### [About this exercise]
Only the lines below, from the one with "lifestyle image of" through the one with "Inviting front entrance", are to be written out, exactly.

━━━━━━━━━━━━━━━━━━━━

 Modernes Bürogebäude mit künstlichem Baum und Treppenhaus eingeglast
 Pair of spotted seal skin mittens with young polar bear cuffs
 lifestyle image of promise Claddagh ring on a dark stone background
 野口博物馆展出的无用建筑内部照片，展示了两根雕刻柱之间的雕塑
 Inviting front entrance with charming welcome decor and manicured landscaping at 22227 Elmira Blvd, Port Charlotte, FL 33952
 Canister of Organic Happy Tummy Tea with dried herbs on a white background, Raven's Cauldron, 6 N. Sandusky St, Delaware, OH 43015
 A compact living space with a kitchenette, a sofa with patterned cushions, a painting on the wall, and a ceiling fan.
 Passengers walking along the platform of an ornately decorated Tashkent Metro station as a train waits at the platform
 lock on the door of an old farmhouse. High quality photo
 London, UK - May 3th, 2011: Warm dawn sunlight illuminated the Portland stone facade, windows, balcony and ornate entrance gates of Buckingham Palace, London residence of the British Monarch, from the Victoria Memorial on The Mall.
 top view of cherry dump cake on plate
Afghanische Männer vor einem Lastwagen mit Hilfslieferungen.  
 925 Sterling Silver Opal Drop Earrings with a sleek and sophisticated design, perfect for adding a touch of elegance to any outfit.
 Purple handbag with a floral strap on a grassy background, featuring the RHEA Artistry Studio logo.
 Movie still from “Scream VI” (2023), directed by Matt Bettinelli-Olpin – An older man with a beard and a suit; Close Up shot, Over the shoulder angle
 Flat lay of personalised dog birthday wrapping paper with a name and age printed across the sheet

━━━━━━━━━━━━━━━━━━━━

### [Reply to the exercise]
 lifestyle image of promise Claddagh ring on a dark stone background
 野口博物馆展出的无用建筑内部照片，展示了两根雕刻柱之间的雕塑
 Inviting front entrance with charming welcome decor and manicured landscaping at 22227 Elmira Blvd, Port Charlotte, FL 33952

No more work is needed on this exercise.